🌏当記録は、結婚20周年を記念して、2001年7月の記録を発掘/転載するものです。(2021年7月)
翌日、いよいよ日本から、わたしの両親と妹夫婦がやってきた。一応、病み上がりの父と、きれい好きの母が、このインド滞在に耐えられるかどうかが今回の一大テーマである。
これまで何度か父のことは書いたが、母のことを触れたことはなかったように思う。我が母もまた、父を凌ぐユニークな人物である。
幼い頃から自分は欧州貴族の生まれ変わりと信じていて、ヨーロッパに行ったことがないにも関わらず、彼の地の文化が好きで、ことにインテリアなどに関しては、ヴィクトリア調がお好み。その嗜好はわたしも引き継いでいる。
長年専業主婦をしていたが、50歳のころ、突如、絵画に目覚め、オランダのアッセンという地方で起こった「アッセンドリュフト」という、家具や調度品に花や果物の図柄を施す絵画を学びはじめ、現在は先生をしている。母の色彩やデザインのセンスは、先天的にすばらしいものがあると、身内のひいき目ではなく、客観的にそう思う。
ちなみに母は「これからの女性は自立しなければならない」と、わたしが3歳くらいのときから呪文のように言い聞かせていた。
空港へはアルヴィンドとわたしが二人で迎えに行った。
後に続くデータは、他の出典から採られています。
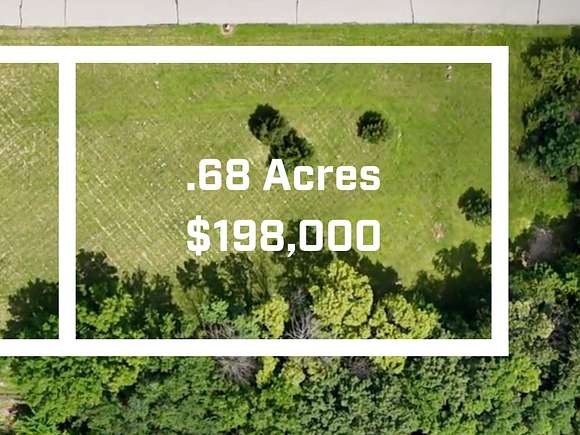 0.68 Acres of Land for Sale in Johnston, Iowa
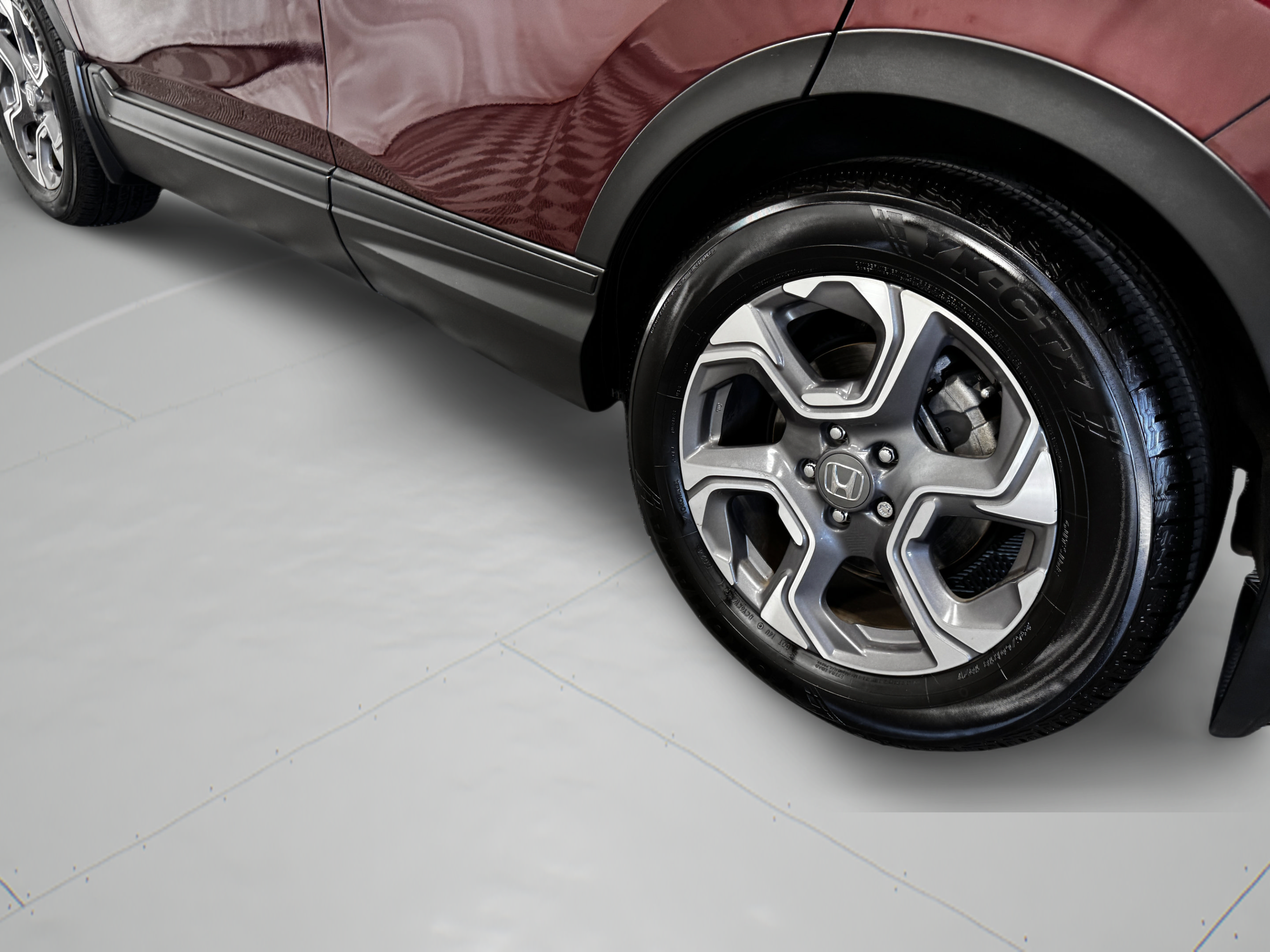 Used 2019 Honda CR-V EX image 45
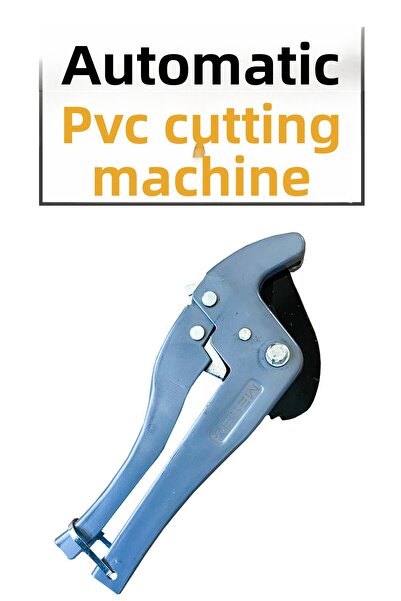 Meşem Pprc Foarfece pentru tăiat țevi din plastic 42 mm MESEM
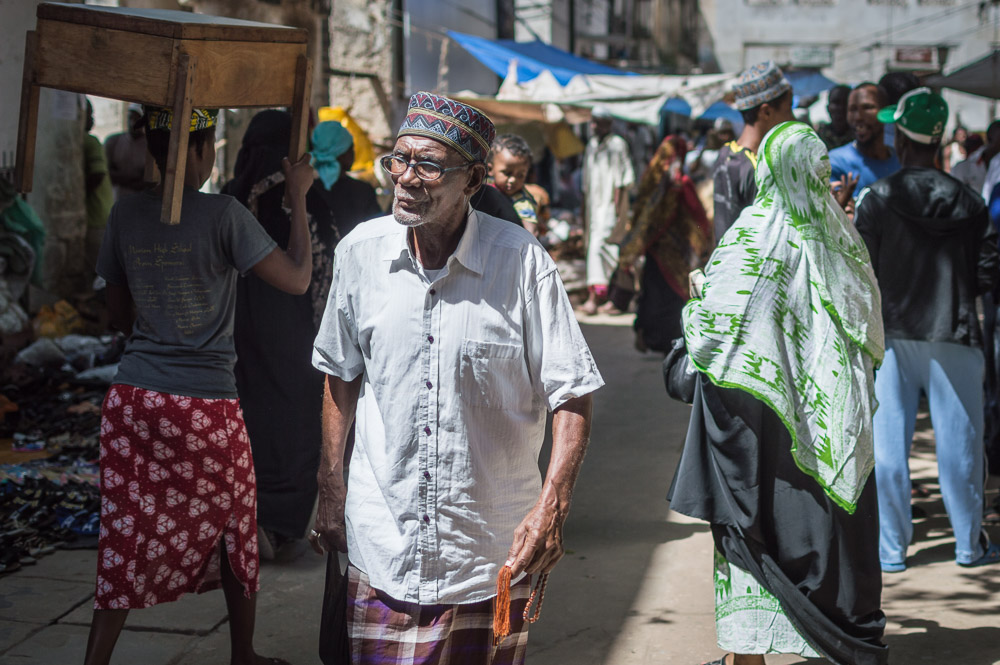 Lamu Tamu town life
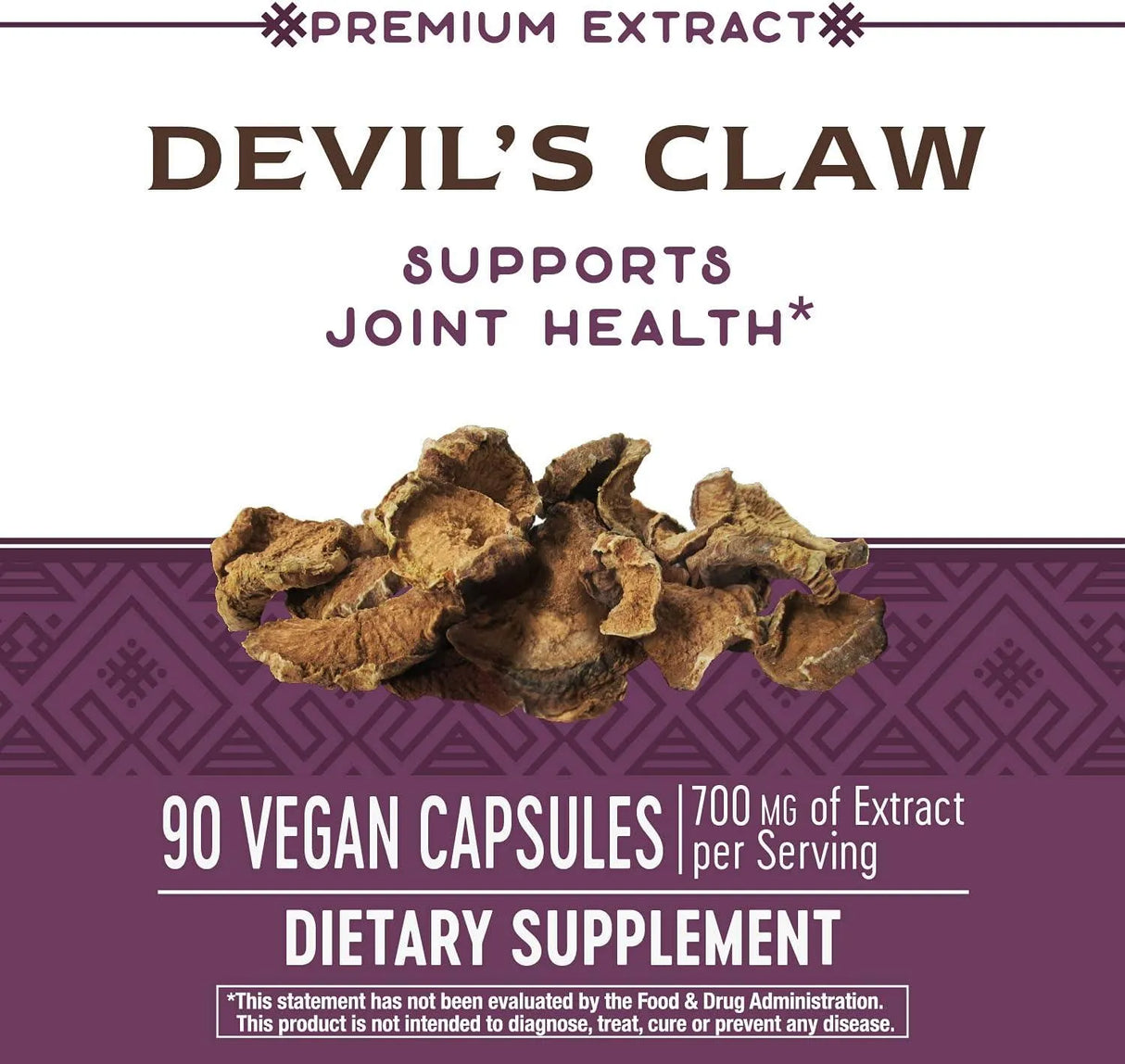 NATURE'S WAY - Nature's Way Premium Devil’s Claw Premium Extract 700Mg. 90 Capsulas - The Red Vitamin MX - Suplementos Alimenticios - {{ shop.shopifyCountryName }}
予定よりも早くJALの便が到着。遠くに黄色いシャツを着た、太った男性が見える。お父さんに違いない。アルヴィンドに、
「ほら、あそこ、お父さんだ!」というと、
「えーっ、お父さん、がんで痩せたんじゃなかったの? あれは違うよ、スモウ・レスラーみたいだもん」
4人の人影がだんだん近づいてくる。日本人らしからぬ存在感。やはり我が家族だ。
去年の3月、父の肺がん発病に伴い帰国したとき、父は80キロ強に減っていたのだが、今はすっかり回復して体重も95キロ前後のよう。ちなみに身長は172センチだから太りすぎである。とても病み上がりには見えない。
アルヴィンドは空港の花屋で買っていた二つの花束を、母と妹に渡す。色鮮やかなグラジオラスの花束だ。
その日は、ホテルへチェックインしたあと、お土産などの荷物を整理して、6人で夕食に出かけた。「タージ・パレス」というホテルのインド料理店だ。
早くも日本勢はインド料理に夢中の様子。特に「ナン」を気に入った父は「小麦粉が違う! おいしい!」とひたすら食べている。その旺盛な食欲には、安心を通り越して、呆れる。